# obeyed/complied with/followed



## Dew is learning

Hello,

I'm writing documentation related to electrical safety in a testing area. Context: Workers test frames. Some elements of the frame can emit radiations, that's why the testing area is enclosed with security symbols/labels on the floor. I need some help with the use of the correct verb for this sentence. I am translating from Finnish language into English, so other comments are also welcome:

"The security symbols of radiation area displayed on the floor in the testing area must be *obeyed/complied with/followed*, in such a way that the minimum distance from the frame is >1m."
Original sentence in Finnish:"Testausalueella tulee noudattaa lattiassa olevia säteilyalueen turvamerkintöjä ja kuitenkin siten että minimetäisyys raamiin on >1m."

Thank you very much!

Dew is learning​


----------



## Gavril

My suggested translation is below, but I have a few questions.
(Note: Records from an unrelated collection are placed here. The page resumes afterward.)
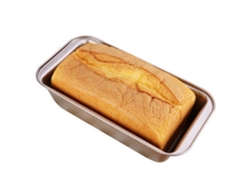 Sartén Rectangular Antiadherente De Acero Al Carbono Para Tostar Pan Y Pasteles.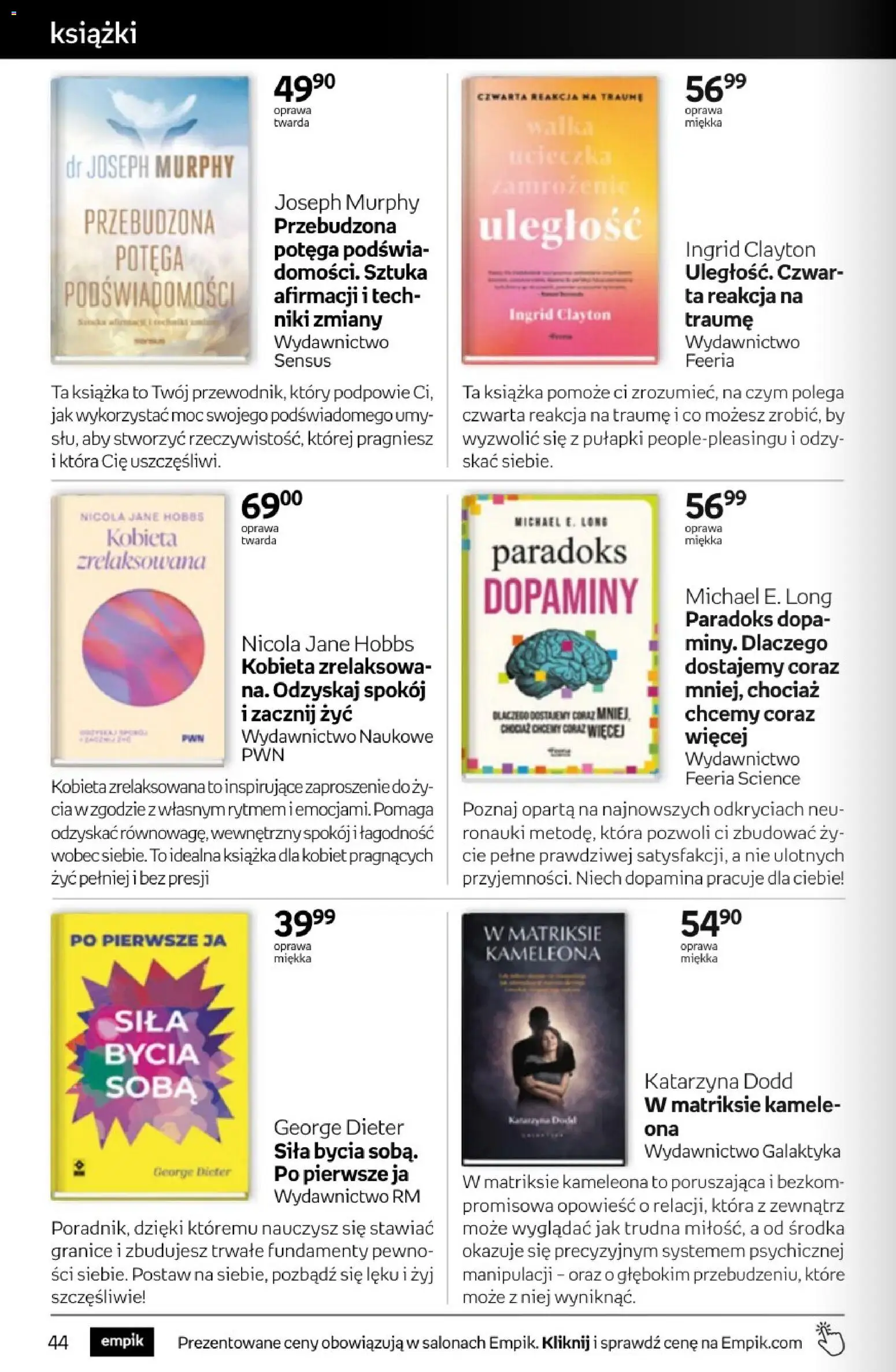 Empik promocje od 11.03.2026 | Strona: 44 | Produkty: Książki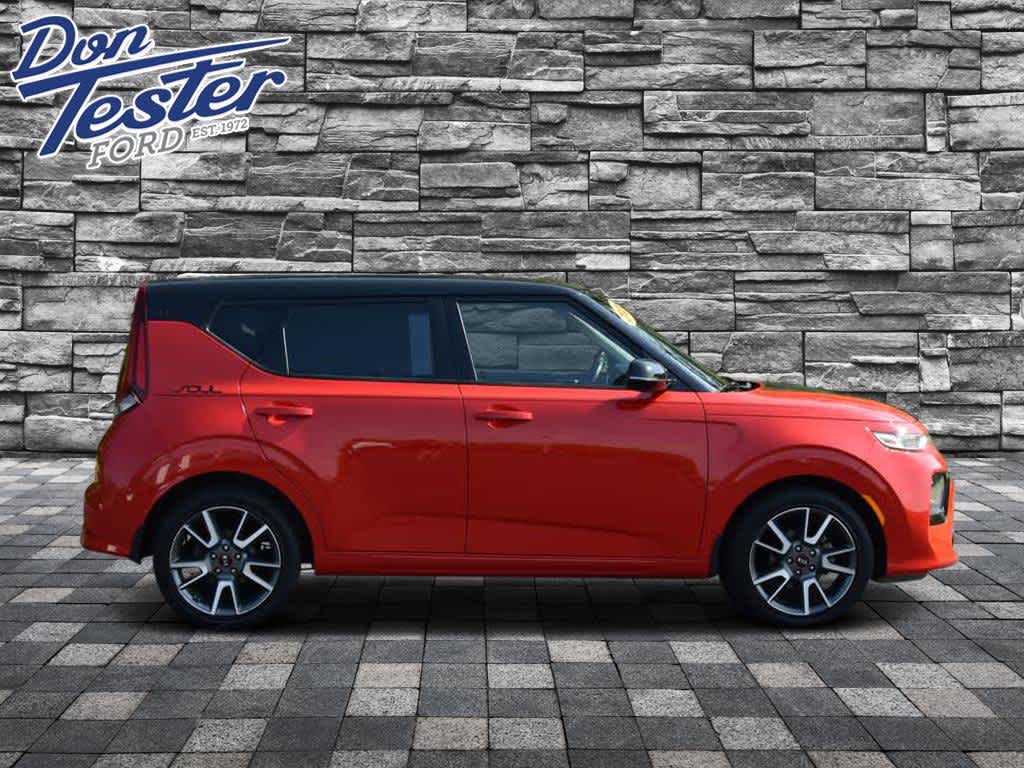 2020 Kia Soul GT-Line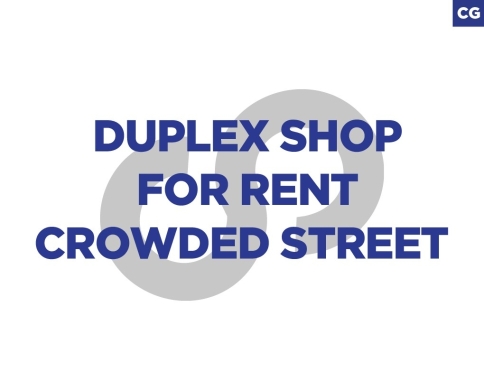 Duplex shop for rent in AIN EL REMENEH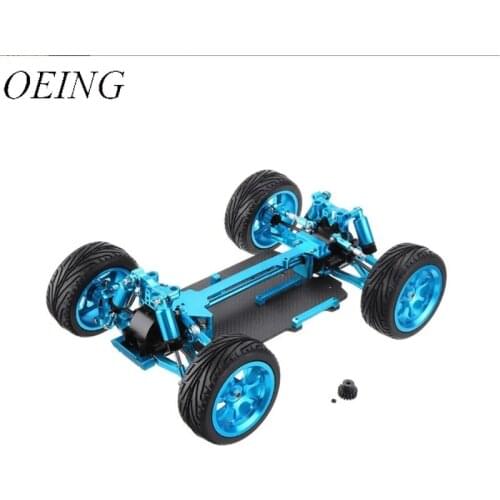 Wltoys 1/18 A959 A969 A979 All Metal RC Car Chassis RC Vehicle Models Upgrade Parts for Boys Outdoor Toys Gifts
1) Just to be sure, does ">1m" mean "more than one meter", or does it mean "at least one meter"? Since this is a radiation safety notice, I imagine that this would be an important distinction.

2) A question for the Finns: how is _kuitenkin_ functioning in this sentence? Translating it as "however" doesn't seem to work, so my guess is that it means something like "additionally", and doesn't need to be translated. Does that sound right?

Pending answers to these questions, my translation would be

"In the testing area, you must comply with the radiation area safety signs displayed on the floor, so that there is always more than 1m of distance between you and the frame."


----------



## Spongiformi

That "_kuitenkin" _is certainly strange there. You'd expect the signs on the floor to be painted farther away than that one meter if the instructions tell you to stay at least that much away from the frame. Since literally speaking that _"kuitenkin"_ marks an exception to what was said before. Unless the signs on the floor don't indicate that 1+ meter of safety directly (for example, so that technically one could spend a few seconds closer to the frame without exposing himself too much, in theory, but that's forbidden with the additional _"kuitenkin"_ clause).

But like Gavril, I don't see much use for it either.


----------



## Gavril

Spongiformi said:


> That "_kuitenkin" _is certainly strange there. You'd expect the signs on the floor to be painted farther away than that one meter if the instructions tell you to stay at least that much away from the frame.


 
Maybe "kuitenkin" is used because the symbols displayed on the floor don't explicitly indicate that you have to be >1 meter away from the frame?


----------



## Dew is learning

Hei!
Thank you very much for your comments & corrections. I am checking these two points with the person who wrote it.


----------



## Dew is learning

Hello!
About your questions:
1) ">1m" means "at least one meter"

2) _"kuitenkin"_: As Spongiformi said "Since literally speaking that _"kuitenkin"_ marks an exception to what was said before..." 
The sentences means that generally frames are located inside the safety signs area, at at least one meter from the signs on the floor and workers must comply the safety signs. But sometimes -e.g. busy manufacturing periods- lack of space the machines are put at less than one meter from the signs on the floor, -sometimes where there is space available -so in that case workers must always obey the "at least one meter" rule.

Thank you


----------



## Gavril

Dew is learning said:


> Hello!
> About your questions:
> 1) ">1m" means "at least one meter"
> 2) _"kuitenkin"_: As Spongiformi said "Since literally speaking that _"kuitenkin"_ marks an exception to what was said before..."
> The sentences means that generally frames are located inside the safety signs area, at at least one meter from the signs on the floor and workers must comply the safety signs. But sometimes -e.g. busy manufacturing periods- lack of space the machines are put at less than one meter from the signs on the floor, -sometimes where there is space available -so in that case workers must always obey the "at least one meter" rule.
> 
> Thank you



Hi,

Based on what you said above, I would suggest this as a translation:

"In the testing area, you must comply with the radiation area safety signs displayed on the floor. Always maintain a distance of at least *1m* from the frame."


----------